● **Try it**
Copy the data that follows exactly. Include no pictures.

Brief descriptive captions:
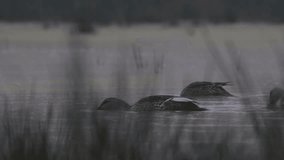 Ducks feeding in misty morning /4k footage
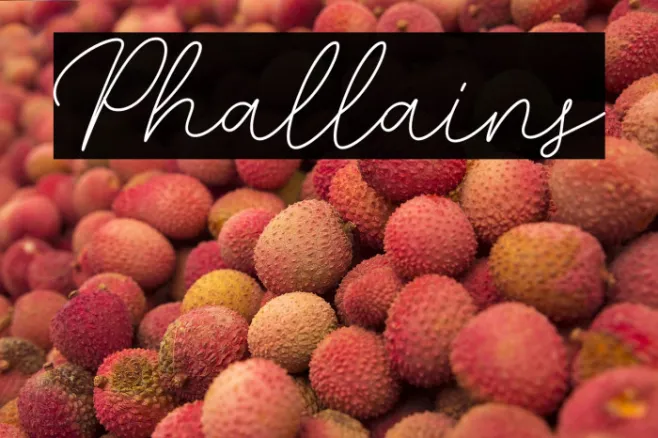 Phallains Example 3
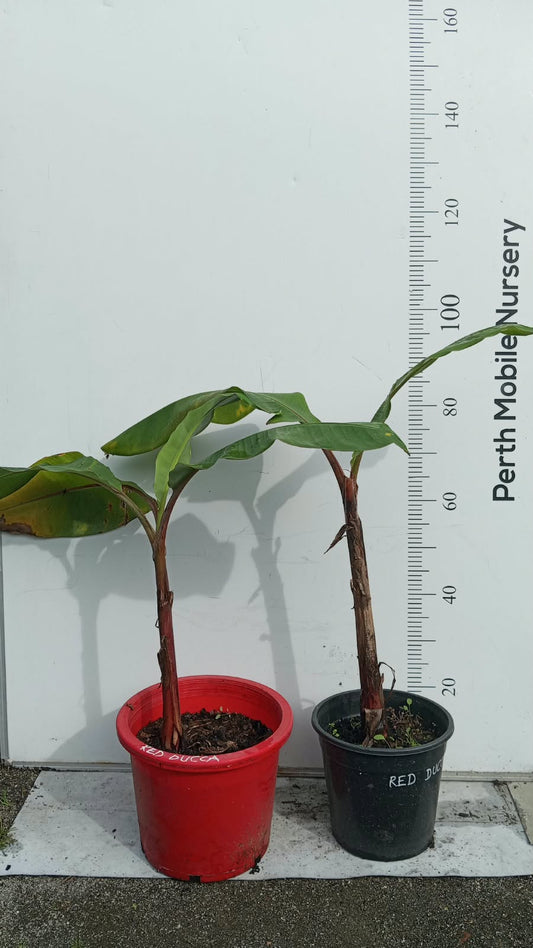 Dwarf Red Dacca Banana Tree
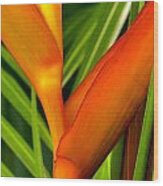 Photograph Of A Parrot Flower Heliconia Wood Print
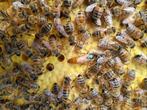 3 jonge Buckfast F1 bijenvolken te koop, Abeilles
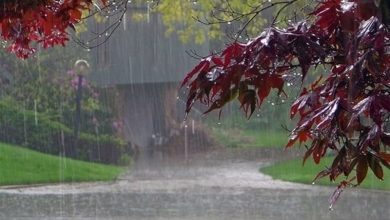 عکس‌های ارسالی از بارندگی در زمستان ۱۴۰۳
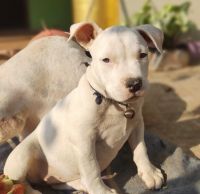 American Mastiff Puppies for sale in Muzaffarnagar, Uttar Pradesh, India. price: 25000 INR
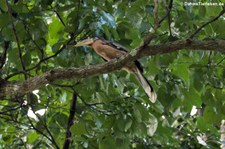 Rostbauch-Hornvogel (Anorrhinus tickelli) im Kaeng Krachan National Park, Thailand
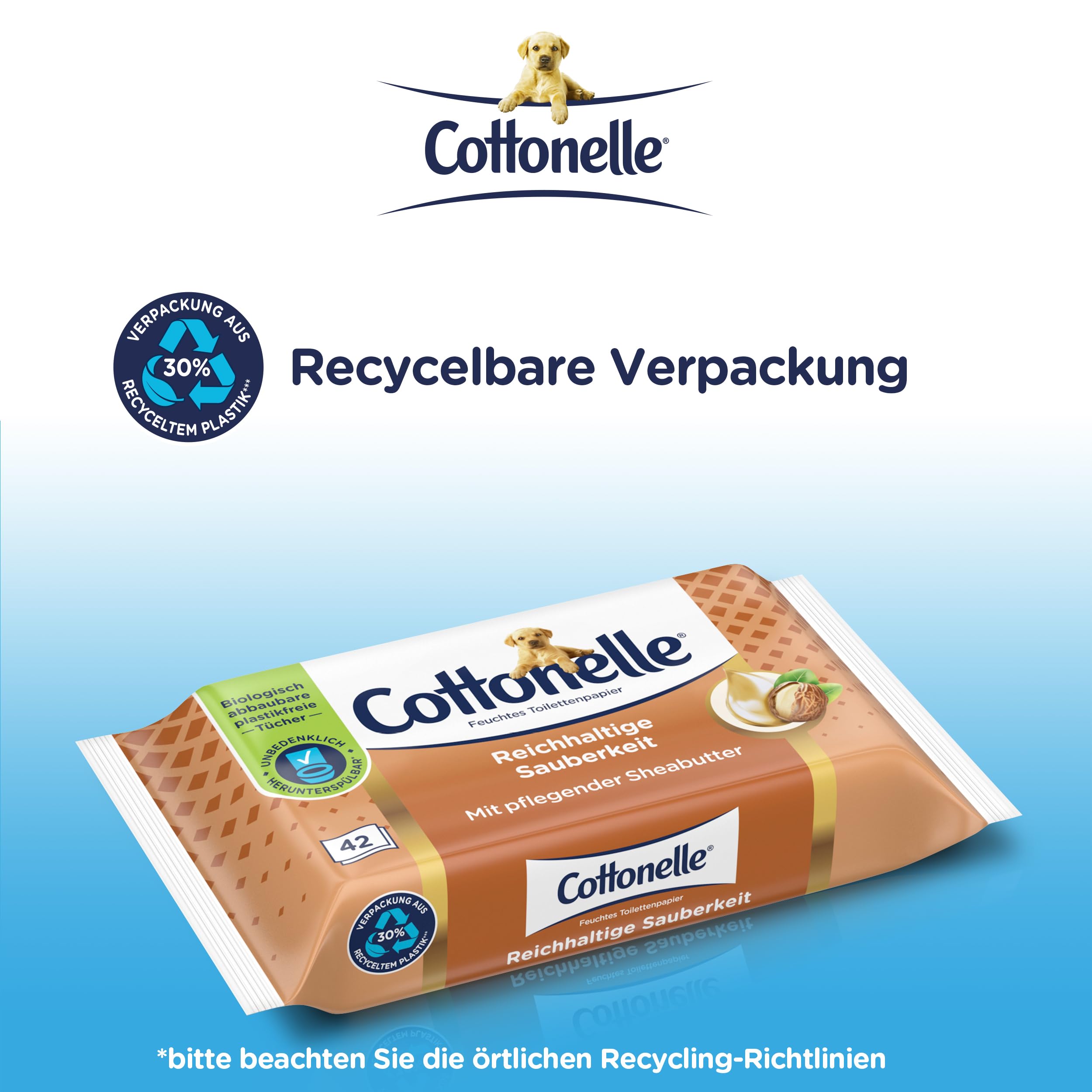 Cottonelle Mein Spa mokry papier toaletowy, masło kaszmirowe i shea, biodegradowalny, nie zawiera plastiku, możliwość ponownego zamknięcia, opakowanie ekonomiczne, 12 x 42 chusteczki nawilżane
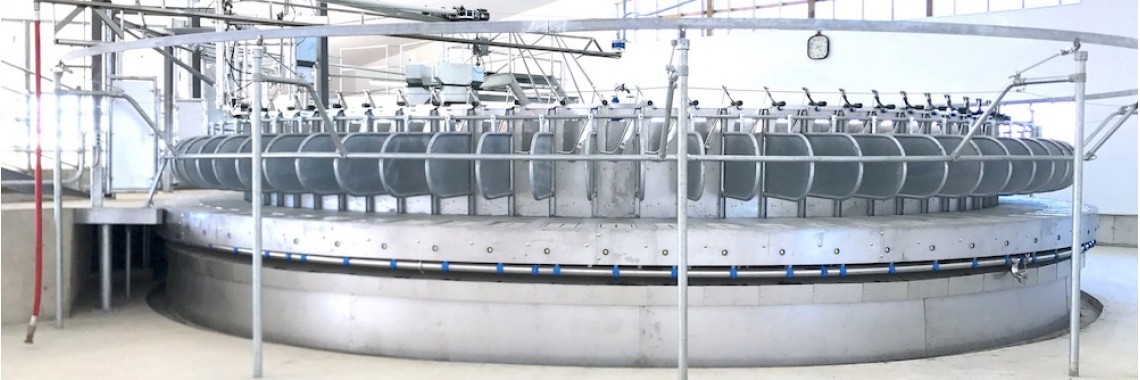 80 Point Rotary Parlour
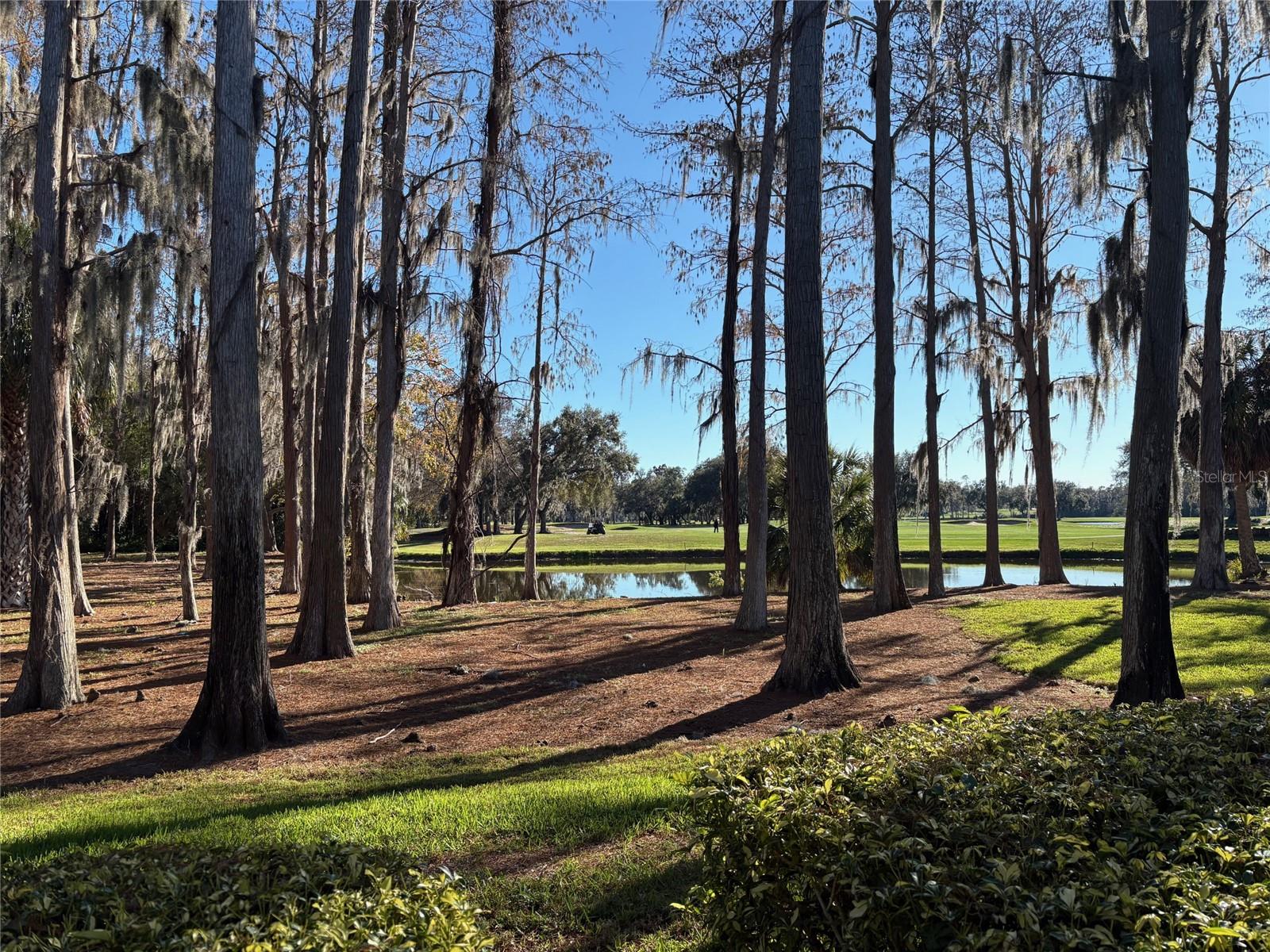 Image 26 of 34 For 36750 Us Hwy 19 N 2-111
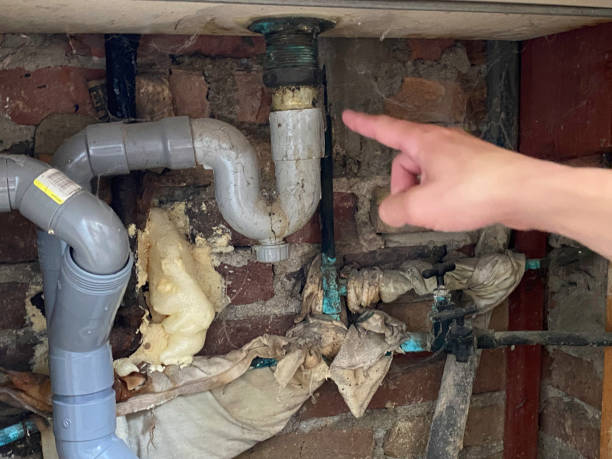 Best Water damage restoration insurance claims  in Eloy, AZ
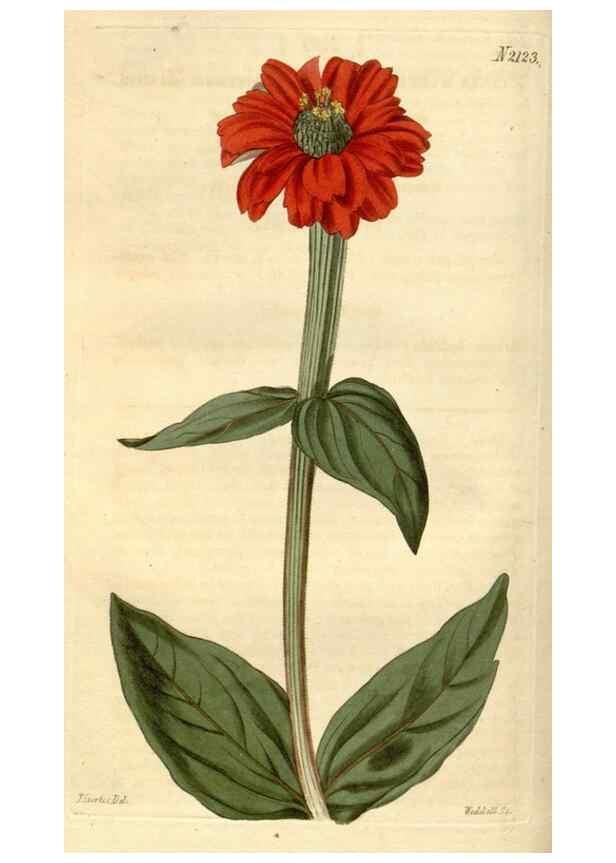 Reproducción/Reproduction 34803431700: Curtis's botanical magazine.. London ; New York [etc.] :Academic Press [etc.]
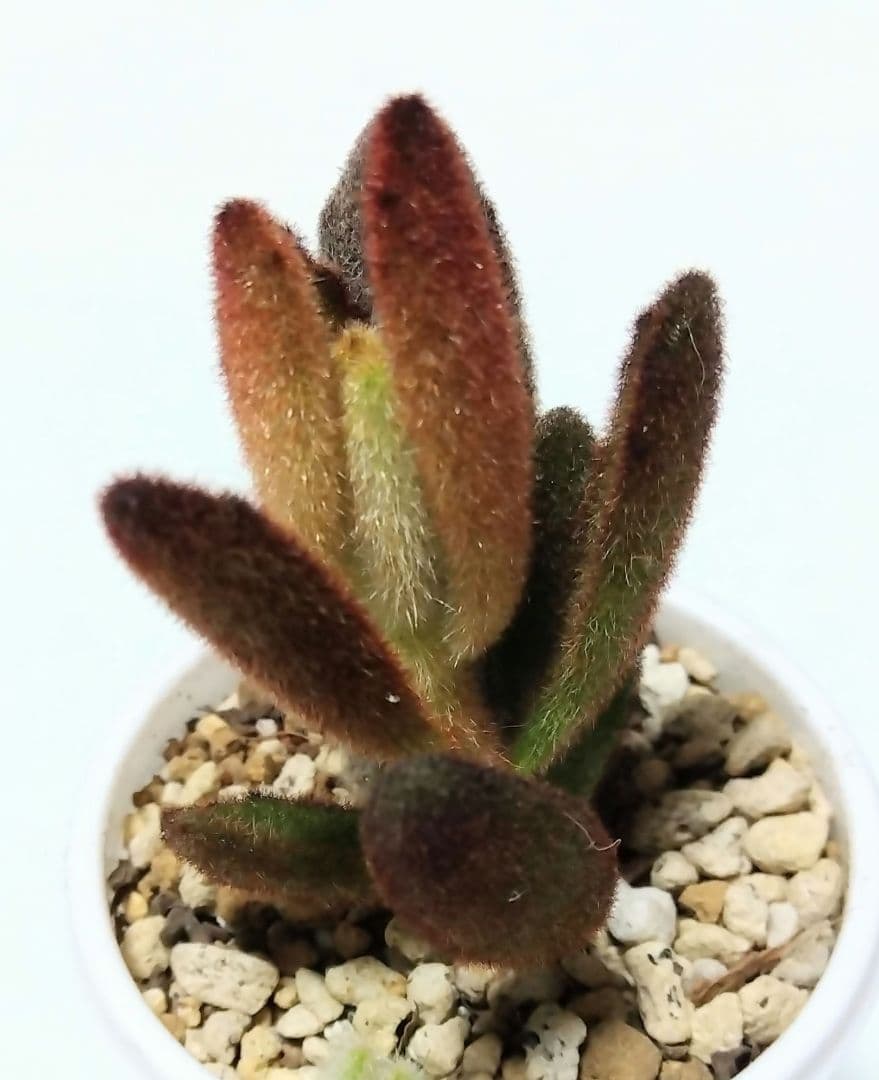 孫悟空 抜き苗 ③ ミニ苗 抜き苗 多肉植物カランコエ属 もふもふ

● **Output for this exercise**
 Ducks feeding in misty morning /4k footage
 Phallains Example 3
 Dwarf Red Dacca Banana Tree
 Photograph Of A Parrot Flower Heliconia Wood Print
 3 jonge Buckfast F1 bijenvolken te koop, Abeilles
 عکس‌های ارسالی از بارندگی در زمستان ۱۴۰۳
 American Mastiff Puppies for sale in Muzaffarnagar, Uttar Pradesh, India. price: 25000 INR
 Rostbauch-Hornvogel (Anorrhinus tickelli) im Kaeng Krachan National Park, Thailand
 Cottonelle Mein Spa mokry papier toaletowy, masło kaszmirowe i shea, biodegradowalny, nie zawiera plastiku, możliwość ponownego zamknięcia, opakowanie ekonomiczne, 12 x 42 chusteczki nawilżane
 80 Point Rotary Parlour
 Image 26 of 34 For 36750 Us Hwy 19 N 2-111
 Best Water damage restoration insurance claims  in Eloy, AZ
 Reproducción/Reproduction 34803431700: Curtis's botanical magazine.. London ; New York [etc.] :Academic Press [etc.]
 孫悟空 抜き苗 ③ ミニ苗 抜き苗 多肉植物カランコエ属 もふもふ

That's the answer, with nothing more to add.